Ontario - Le défi de Kathleen Wynne : éviter des élections

Kathleen Wynne a été élue chef du Parti libéral de l’Ontario samedi.
Photo: La Presse canadienne (photo) Nathan Denette Kathleen Wynne a été élue chef du Parti libéral de l’Ontario samedi.

Kathleen Wynne deviendra la première femme à diriger l’Ontario, et la première personne ouvertement homosexuelle à devenir premier ministre au Canada, après avoir remporté la course à la chefferie du Parti libéral de l’Ontario (PLO) samedi. Elle aura cependant fort à faire pour assurer la survie de son gouvernement minoritaire.

Avec les chefs du gouvernement du Québec, de la Colombie-Britannique, de l’Alberta, de Terre-Neuve-et-Labrador et du Nunavut, Mme Wynne devient donc la sixième femme première ministre au Canada.


« C’était la partie la plus facile », a-t-elle déclaré devant des délégués en liesse réunis au Maple Leaf Gardens de Toronto. « Maintenant, nous avons des défis devant nous et nous allons devoir travailler tous ensemble ». Une fois assermentée, Mme Wynne, députée de Don Valley West à Toronto depuis 2003, devra tenter d’améliorer les relations du gouvernement avec les syndicats des enseignants, qui en ont contre les libéraux après l’adoption d’une loi spéciale pour leur imposer des contrats de travail. Les syndicats du secteur public, dont les membres ont manifesté par milliers samedi, ont promis d’utiliser leur influence pour défaire les libéraux aux prochaines élections.

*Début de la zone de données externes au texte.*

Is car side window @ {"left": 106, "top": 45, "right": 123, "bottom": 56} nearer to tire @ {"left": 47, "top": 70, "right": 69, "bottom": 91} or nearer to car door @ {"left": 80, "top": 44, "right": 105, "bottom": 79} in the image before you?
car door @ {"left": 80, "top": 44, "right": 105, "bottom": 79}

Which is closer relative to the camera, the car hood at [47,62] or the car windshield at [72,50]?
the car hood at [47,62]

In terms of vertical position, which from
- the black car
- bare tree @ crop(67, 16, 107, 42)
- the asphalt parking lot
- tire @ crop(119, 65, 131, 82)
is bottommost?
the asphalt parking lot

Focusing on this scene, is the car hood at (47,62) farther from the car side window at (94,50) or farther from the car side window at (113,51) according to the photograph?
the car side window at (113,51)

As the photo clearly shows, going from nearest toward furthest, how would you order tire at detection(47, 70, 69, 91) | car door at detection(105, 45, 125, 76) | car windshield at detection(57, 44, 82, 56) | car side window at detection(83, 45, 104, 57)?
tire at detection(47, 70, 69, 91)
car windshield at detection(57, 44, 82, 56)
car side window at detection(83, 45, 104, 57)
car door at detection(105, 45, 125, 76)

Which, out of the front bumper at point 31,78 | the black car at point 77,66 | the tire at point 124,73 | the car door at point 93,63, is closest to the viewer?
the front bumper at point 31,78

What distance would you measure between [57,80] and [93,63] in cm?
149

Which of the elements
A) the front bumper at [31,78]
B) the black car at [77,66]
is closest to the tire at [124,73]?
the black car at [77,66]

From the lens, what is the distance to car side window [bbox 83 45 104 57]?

Le plus grand défi du nouveau gouvernement reste cependant le déficit budgétaire de presque 12 milliards de dollars.


La future première ministre rappellera les députés au travail le 19 février prochain et souhaite travailler avec l’opposition afin d’éviter une élection générale. Avec 53 députés sur 107, le PLO est à un siège de la majorité à l’assemblée.


Pour Éric Grenier, auteur du site Internet threehundredeight.com et analyste politique pour le Globe and Mail, la première tâche de Mme Wynne va être de « survivre jusqu’à l’automne 2014 ». Pour cela, elle devra commencer par éviter de nouvelles élections provinciales au printemps prochain, lors du vote du budget et du discours du trône.


Les conservateurs de Tim Hudak se sont opposés à toutes les initiatives du gouvernement libéral, à l’exception du projet de loi 115, qui imposait des contrats de travail aux professeurs, et ont annoncé qu’ils ne changeraient pas de tactique. Les néodémocrates, quant à eux, ont également mis Mme Wynne en garde à propos du fait qu’elle devra traiter les problèmes laissés derrière par Dalton McGuinty. « Ils ont un bilan de neuf ans duquel il est difficile de s’éloigner », a déclaré le leader néodémocrate (NPD) en Chambre, Gilles Bisson.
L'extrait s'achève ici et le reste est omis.